In other news, cheap champagne will be unscrewed in unkempt studio apartments throughout SoHo tonight, celebrating the Tax Court’s decision in Storey v. Commission, T.C. Memo 2012-115, which determined that the documentary filmmaking activity of a full-time attorney was entered into for profit, not a hobby.
In recent years, the activities of documentary filmmakers have found themselves under attack from the IRS by virtue of the “hobby loss” rules of I.R.C. § 183. While surely frustrating to the filmmakers, it’s no surprise that the IRS eventually turned their attention to documentary films. Like horse breeding and drag racing, which are already heavily litigated under the hobby loss rules, documentary filmmaking is a labor of love requiring long periods of development, with scarce profits to be found. As a result, heavy losses over a period of years are the norm, and because the basis for the films are often areas of interest to the filmmaker, elements of personal pleasure are present, strengthening the Service’s argument that the activity is in fact a hobby.
In Storey — a case the filmmaking community had been keeping its watchful, distrusting eye on, the Tax Court struck a blow for the industry by holding that a prominent lawyer who also made a successful documentary did so as a trade or business, not as a hobby.
Lee Storey was a name partner in a successful California law firm.
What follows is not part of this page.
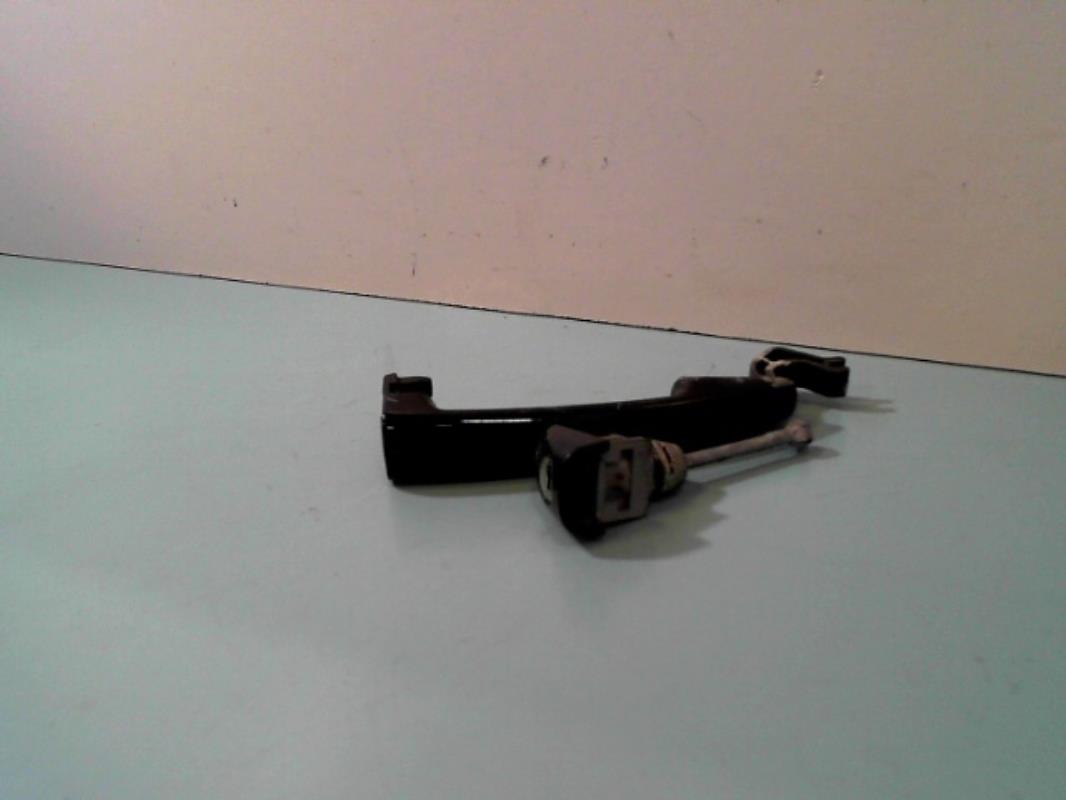 Poignee porte avant gauche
Several years into her marriage, she discovered that her husband had formerly been a member of Up With People, the legendarily dorky group of singers whose wholesome half-time performances at Super Bowls during the ’70’s and ’80’s stand in stark contrast to the exposed nipples and middle fingers of today.
This new information about her husband’s past sparked a long-standing desire in Storey to venture into filmmaking. Up With People, she concluded, would be the perfect subject for a documentary. Storey took a sabbatical from work to study filmmaking, bought up the rights to archival Up With People footage, and started making her movie.
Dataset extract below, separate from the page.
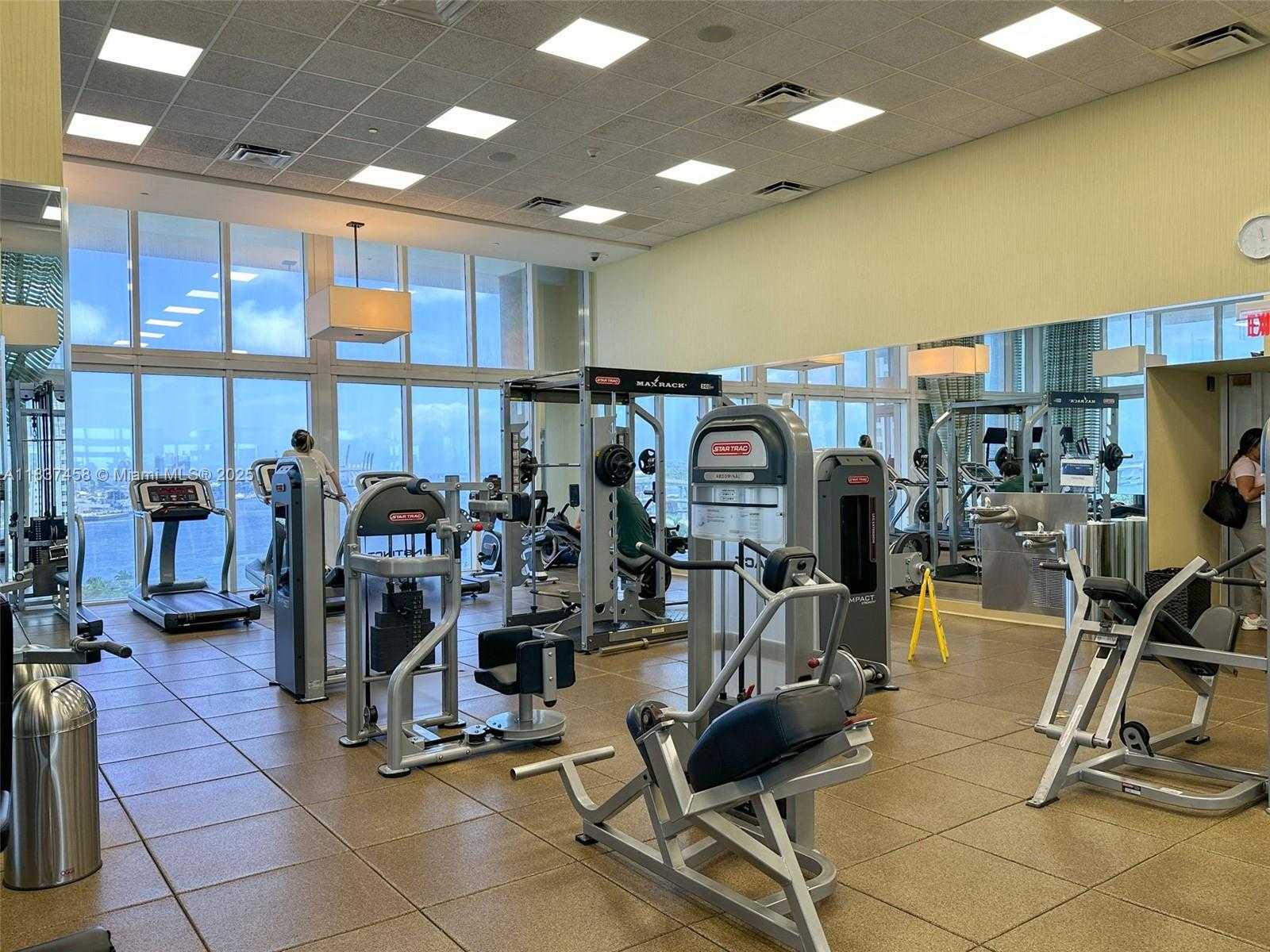 Small Image of 50 BISCAYNE BLVD #411, Miami Number 27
Storey carried on the activity in a very professional manner, hiring a bookkeeper and keeping detailed records. She attended conferences, where she networked and eventually met part of her production team. Storey used trailers and rough cuts to pitch her product, making edits based on the solicited feedback. Though she hadn’t originally planned to feature her husband in the documentary, she was encouraged to do so by her producer, and her husband eventually would up in four of the film’s 79 minutes.
In 2009, Smile ‘Til It Hurts, Storey’s film about Up With People, launched at the Slamdance Film Festival. The documentary was largely met with critical claim, though like most films in the genre, it was not profitable. Today, Storey still owns the rights to the film, and sells DVDs for $19.99 a pop.
On her 2006-2008 tax returns, Storey deducted losses from her film making activities. The IRS denied the losses, largely arguing that Storey did not make Smile ‘Til It Hurts for profit, but rather to fulfill her curiosity about her husband’s past and to tell his story.
The Tax Court disagreed. After addressing the following nine “hobby loss” regulations found at Treas. Reg. §1.183-2(a) — and discussed previously here, here, and here — the court concluded that Storey’s filmmaking activity was entered into for profit and its losses deductible in full.
As a reminder, those factors are:
(1) the manner in which the taxpayer carried on the activity,
(2) the expertise of the taxpayer or his or her advisers,
(3) the time and effort expended by the taxpayer in carrying on the activity,
(4) the expectation that the assets used in the activity may appreciate in value,
(5) the success of the taxpayer in carrying on other similar or dissimilar activities,
(6) the taxpayer’s history of income or loss with respect to the activity,
(7) the amount of occasional profits, if any, which are earned,
(8) the financial status of the taxpayer, and
(9) whether elements of personal pleasure or recreation are involved.
Aside from factors six, seven, and eight[i], it was a clean sweep for Storey. By keeping detailed books and records, seeking advice and education regarding the best way to make her movie, spending considerable time on the film making process, and generally conducting her activity in a formal, businesslike manner, Storey was able to satisfy her burden of proving that the documentary activity was in fact a trade or business. Though the court conceded that Storey did greatly enjoy filmmaking and had used her husband in the film, these elements of personal pleasure were not sufficient to classify the activity as a hobby.
[i] The film did not generate net income during the years at issue, so factors six and seven were a no-brainer. As for factor eight, the fact that losses from the film were offsetting Storey’s considerable income from her law practice weighed against her.